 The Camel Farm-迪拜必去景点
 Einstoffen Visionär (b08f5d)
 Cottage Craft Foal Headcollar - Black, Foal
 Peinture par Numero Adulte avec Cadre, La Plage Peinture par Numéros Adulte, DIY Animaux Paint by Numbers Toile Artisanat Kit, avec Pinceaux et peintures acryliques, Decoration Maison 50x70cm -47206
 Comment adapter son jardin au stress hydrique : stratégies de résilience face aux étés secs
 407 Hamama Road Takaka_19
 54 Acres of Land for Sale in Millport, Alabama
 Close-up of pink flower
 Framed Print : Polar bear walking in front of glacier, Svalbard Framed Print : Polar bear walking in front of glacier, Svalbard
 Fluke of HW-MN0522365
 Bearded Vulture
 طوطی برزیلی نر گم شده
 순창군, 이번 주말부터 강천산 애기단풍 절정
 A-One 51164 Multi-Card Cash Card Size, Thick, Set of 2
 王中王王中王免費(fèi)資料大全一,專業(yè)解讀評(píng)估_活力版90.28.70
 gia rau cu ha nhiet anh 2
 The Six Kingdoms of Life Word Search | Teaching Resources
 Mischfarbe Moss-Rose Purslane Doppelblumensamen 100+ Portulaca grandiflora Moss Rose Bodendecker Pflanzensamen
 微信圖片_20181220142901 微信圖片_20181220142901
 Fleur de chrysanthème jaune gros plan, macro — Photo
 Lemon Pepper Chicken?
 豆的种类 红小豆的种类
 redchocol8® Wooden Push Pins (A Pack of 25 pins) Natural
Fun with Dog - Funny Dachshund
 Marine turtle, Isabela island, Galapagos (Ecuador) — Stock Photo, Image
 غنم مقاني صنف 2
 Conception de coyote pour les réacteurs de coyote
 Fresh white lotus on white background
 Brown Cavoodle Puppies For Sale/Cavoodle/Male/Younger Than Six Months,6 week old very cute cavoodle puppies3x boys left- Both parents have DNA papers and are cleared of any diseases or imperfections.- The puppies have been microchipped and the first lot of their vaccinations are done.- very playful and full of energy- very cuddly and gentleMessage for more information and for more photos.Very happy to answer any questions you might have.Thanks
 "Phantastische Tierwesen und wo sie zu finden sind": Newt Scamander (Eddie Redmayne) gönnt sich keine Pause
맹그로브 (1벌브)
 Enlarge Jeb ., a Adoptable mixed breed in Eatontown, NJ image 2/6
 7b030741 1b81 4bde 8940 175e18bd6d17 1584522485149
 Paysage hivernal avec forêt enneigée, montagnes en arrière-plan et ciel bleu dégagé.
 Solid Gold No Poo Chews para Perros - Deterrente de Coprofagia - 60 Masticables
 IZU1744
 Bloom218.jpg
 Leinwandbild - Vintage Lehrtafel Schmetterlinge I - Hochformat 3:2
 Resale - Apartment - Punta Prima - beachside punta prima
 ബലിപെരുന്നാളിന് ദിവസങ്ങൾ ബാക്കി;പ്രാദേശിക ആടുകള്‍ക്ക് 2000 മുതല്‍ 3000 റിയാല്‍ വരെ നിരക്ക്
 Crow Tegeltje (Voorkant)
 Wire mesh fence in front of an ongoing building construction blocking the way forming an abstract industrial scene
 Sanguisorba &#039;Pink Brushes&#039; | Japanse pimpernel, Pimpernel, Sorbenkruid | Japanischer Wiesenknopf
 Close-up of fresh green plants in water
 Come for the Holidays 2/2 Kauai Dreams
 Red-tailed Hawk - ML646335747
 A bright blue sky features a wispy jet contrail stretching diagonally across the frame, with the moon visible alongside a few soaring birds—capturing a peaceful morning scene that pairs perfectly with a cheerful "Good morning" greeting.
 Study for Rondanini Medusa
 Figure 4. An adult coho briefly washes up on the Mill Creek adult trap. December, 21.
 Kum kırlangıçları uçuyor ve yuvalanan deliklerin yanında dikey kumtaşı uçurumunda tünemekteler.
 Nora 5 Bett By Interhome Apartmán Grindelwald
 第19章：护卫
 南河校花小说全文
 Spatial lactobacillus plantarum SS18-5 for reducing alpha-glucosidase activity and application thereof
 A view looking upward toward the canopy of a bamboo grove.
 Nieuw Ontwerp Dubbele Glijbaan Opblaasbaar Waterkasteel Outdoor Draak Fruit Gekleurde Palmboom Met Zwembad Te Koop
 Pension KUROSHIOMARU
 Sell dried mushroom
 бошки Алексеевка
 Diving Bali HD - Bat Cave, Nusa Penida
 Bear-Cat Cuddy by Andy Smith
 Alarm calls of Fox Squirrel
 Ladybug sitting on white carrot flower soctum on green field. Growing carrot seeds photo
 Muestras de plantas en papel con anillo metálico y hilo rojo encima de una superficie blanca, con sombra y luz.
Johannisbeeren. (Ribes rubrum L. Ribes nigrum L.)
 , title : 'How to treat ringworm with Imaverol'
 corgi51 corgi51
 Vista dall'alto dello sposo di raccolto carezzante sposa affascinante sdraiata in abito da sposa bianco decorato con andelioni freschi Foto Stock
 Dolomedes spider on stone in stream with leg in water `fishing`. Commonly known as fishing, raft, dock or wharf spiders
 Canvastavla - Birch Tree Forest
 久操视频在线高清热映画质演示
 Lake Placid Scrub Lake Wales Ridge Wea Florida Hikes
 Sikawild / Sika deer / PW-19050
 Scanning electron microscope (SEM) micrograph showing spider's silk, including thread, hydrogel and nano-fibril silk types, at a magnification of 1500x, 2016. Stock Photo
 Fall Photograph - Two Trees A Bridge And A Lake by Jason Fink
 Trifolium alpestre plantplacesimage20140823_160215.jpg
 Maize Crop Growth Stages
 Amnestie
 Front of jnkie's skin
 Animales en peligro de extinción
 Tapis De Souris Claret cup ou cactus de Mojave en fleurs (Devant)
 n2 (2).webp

§ **WHAT TO PRODUCE**: Reproduce only this range: the first line of the data above through the line with "Close-up of pink flower", both included, exactly as written.

§ **ANSWER SECTION**:
 The Camel Farm-迪拜必去景点
 Einstoffen Visionär (b08f5d)
 Cottage Craft Foal Headcollar - Black, Foal
 Peinture par Numero Adulte avec Cadre, La Plage Peinture par Numéros Adulte, DIY Animaux Paint by Numbers Toile Artisanat Kit, avec Pinceaux et peintures acryliques, Decoration Maison 50x70cm -47206
 Comment adapter son jardin au stress hydrique : stratégies de résilience face aux étés secs
 407 Hamama Road Takaka_19
 54 Acres of Land for Sale in Millport, Alabama
 Close-up of pink flower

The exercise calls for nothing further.